Ortiz


David Ortiz ya mentaliza su vida fuera del sudor de los diamantes dentro de un año, pero si además del amor al juego hay algo que lo motiva a mantenerse cerca del béisbol, así sea como comentarista es no perder el poder de convocatoria para el torneo benéfico de golf que realiza y que en su octava edición ha confirmado su “arrastre”.


“Esto de la fundación espero que continúe a este nivel. Sabes que las cosas se tornan un poco difíciles cuando tú no estás en la pantalla chica, pero he creado una relación muy buena con todo el mundo, y espero que eso se mantenga después de. Mira a quién tengo a mi derecha (Josh Donaldson). Cuando puedes traer a alguien así sabes que hay una conexión más allá, hay una amistad, un ‘tú eres mío’, por eso estos tigueres se tiran para acá”, dijo Ortiz.


El hotel Santuary de Cap Cana y el campo Punta Espada acoge desde el jueves a personalidades del mundo del deporte, el espectáculo y el cine en una competencia benéfica para costear operaciones de corazón abierto a niños del país y el Estado de Nueva Inglaterra.


Imortales como Jim Rice, Barry Larkin, Pedro Martínez, actores como Eliza Dushku, Omar Miller, Mekhi Phifer, Anthony Mackie y Josh Wolf o el ex NBA Ray Allen son parte de los presentes en el encuentro, que culmina esta noche.


Una motivación inculcada por su madre y que el toletero de 40 años confiesa que nunca imaginó podía darle tanta satisfacción.


De hecho, el número 34 que Ortiz lleva en su uniforme puede ser el próximo que se retire en el Fenway Park, una experiencia que ya vivió este año cuando los Medias Rojas retiraron el 45 de Martínez.


Pero siente que el reconocimiento que hizo CEDIMAT al bautizar una sala de cirugía con su nombre es la distinción que más satisfacción le ha dado.


“Que te retiren el número es algo muy emotivo. Pero si a mí, David Ortiz, me preguntas ‘¿qué prefieres que te retiren el número o que te abran otra sala de operar niños para salvar más vidas?’, te digo quédate con el número, vamos a abrir otra sala porque para mí salvar vida no tiene precio. Eso es algo que está por encima de cualquier ser humano”, dijo Ortiz.


Una niña que tenía 13 años que fue parte de la primera promoción de operados por la fundación ya es adulta, estudió, trabaja y es madre. Es de los ejemplos que lo estimulan en una iniciativa que ya supera las 500 cirugías, incluyendo 70 este año.

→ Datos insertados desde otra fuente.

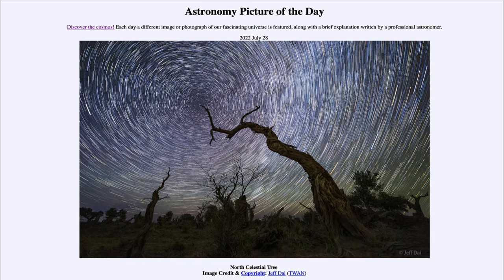Polaris is located very close to the north celestial pole. It has been a very important star — not because it's one of the brighter stars in the sky; it actually ranks about 50th, meaning there are dozens of stars brighter than it — but because of its location in the sky and the fact that it happens to be located close to the north celestial pole.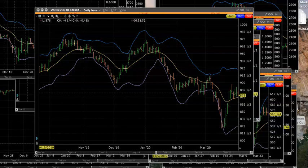Good afternoon ladies and gentlemen, I am Cecil Lawrence, head options strategist at Your Options Forecast. In today's video we want to show you how we analyze the market and determine trading strategies.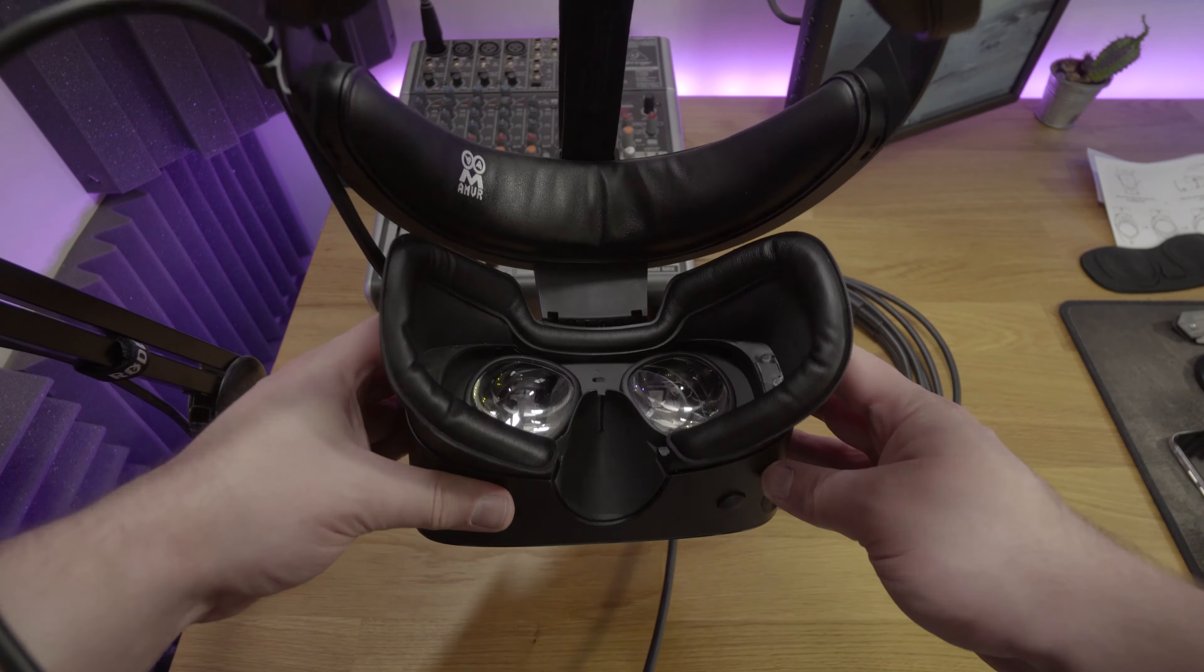but it also includes the forehead cushion and the cushion that's at the back of the strap where you've got the screw that you crank in order to compress the strap on your head. I thought that was pretty good value for money.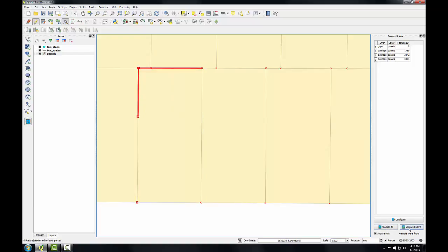I'll choose validate extent. I fixed part of it. I still have to adjust a little bit.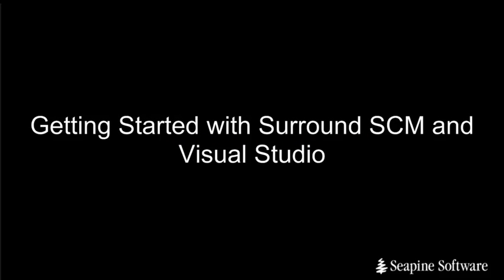Hello, my name is Fernando Kremer. I'm with CPine Software, and today I'm going to show you how to get started with Seron SCM in Visual Studio.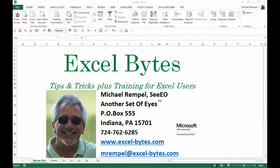Hello everyone, Mike Rempel from Another Set of Eyes with today's Excel Bytes blog post.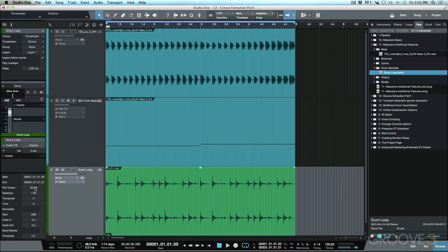Now because we've selected the option that allows us to work with multiple loops and multiple different tempos within one session, it's playing back just fine at 120 BPM.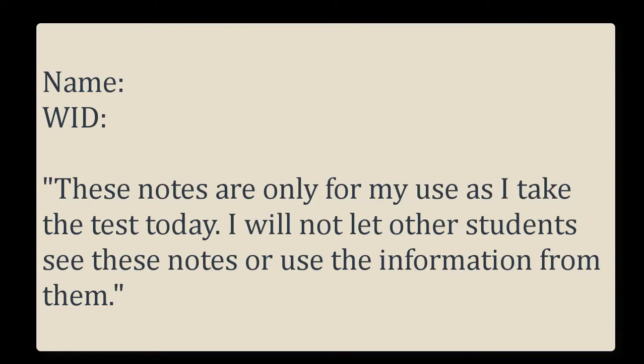Now, before you start the test, write your name, WID number, and this sentence on the top of your notepaper. Do this now before you start the test. These notes are only for my use as I take the test today. I will not let other students see these notes or use the information from them.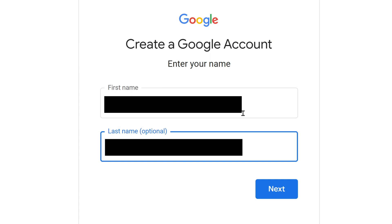This is where you enter your name. The first name is required, but the last name is not. Some people like to use fake names here, but if this is going to be your primary email address, you might as well use your real name, then hit next.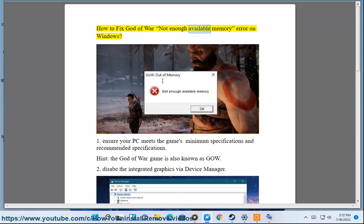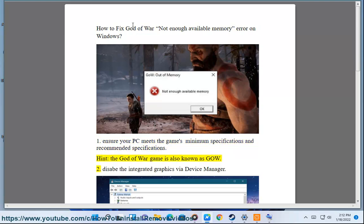How To Fix God Of War Not Enough Available Memory Error On Windows. Ensure your PC meets the game's minimum specifications and recommended specifications.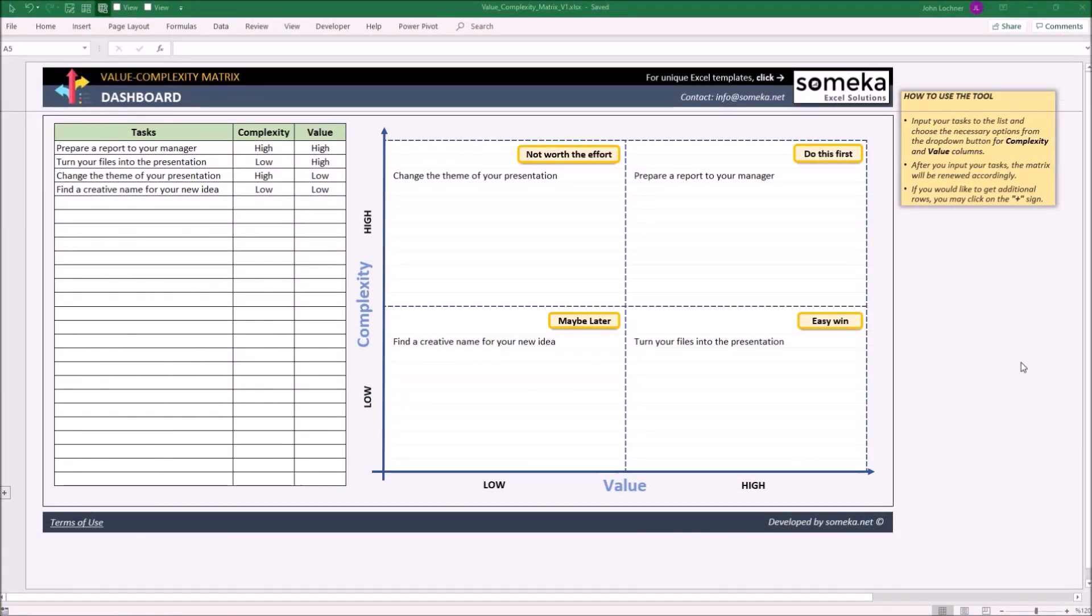Hello and welcome to Someka Value Complexity Matrix template. This tool mainly categorizes your tasks according to their complexity and value level and creates a value complexity matrix according to the tasks you input.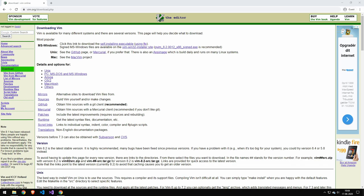There are other text-based editors like Nano, but Vim is a really big one. At some point, you're probably going to come across Vim and you do not want to be in a situation trying to make some kind of configuration to a server and you don't know Vim.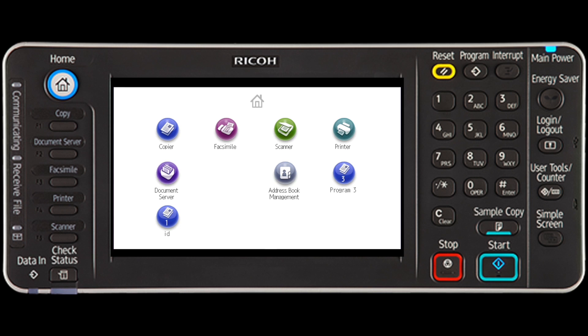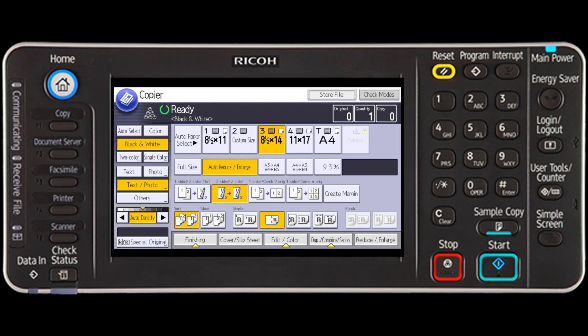To do this, select the function that contains the program, and then press the program key — located at the top right for the standard operation panel, or at the bottom left for the smart operation panel.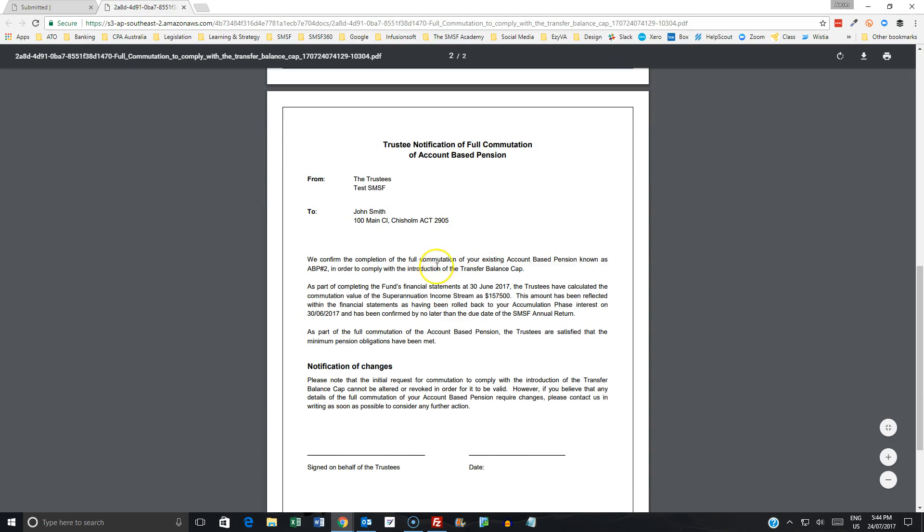We then, inside the notification to the member, we confirm that that commutation has been completed in order to comply with the transfer balance cap. We confirm what the amount is, and again, we confirm that that has been completed in the financials and can know later than the due date of the return.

“Les digo a las celebridades que cada vez que me apoyan están salvando vidas, ese es el objetivo, seguir salvando vidas. Este evento de una manera u otra ha promovido el turismo aquí, son muchas las personas que han venido y cuando ve lo bello que es nuestro país comienza a correr la voz”, indicó el Big Papi, que comenzó la actividad con la broma: “Déjame sentarme jevi para que crean que tengo dinero”.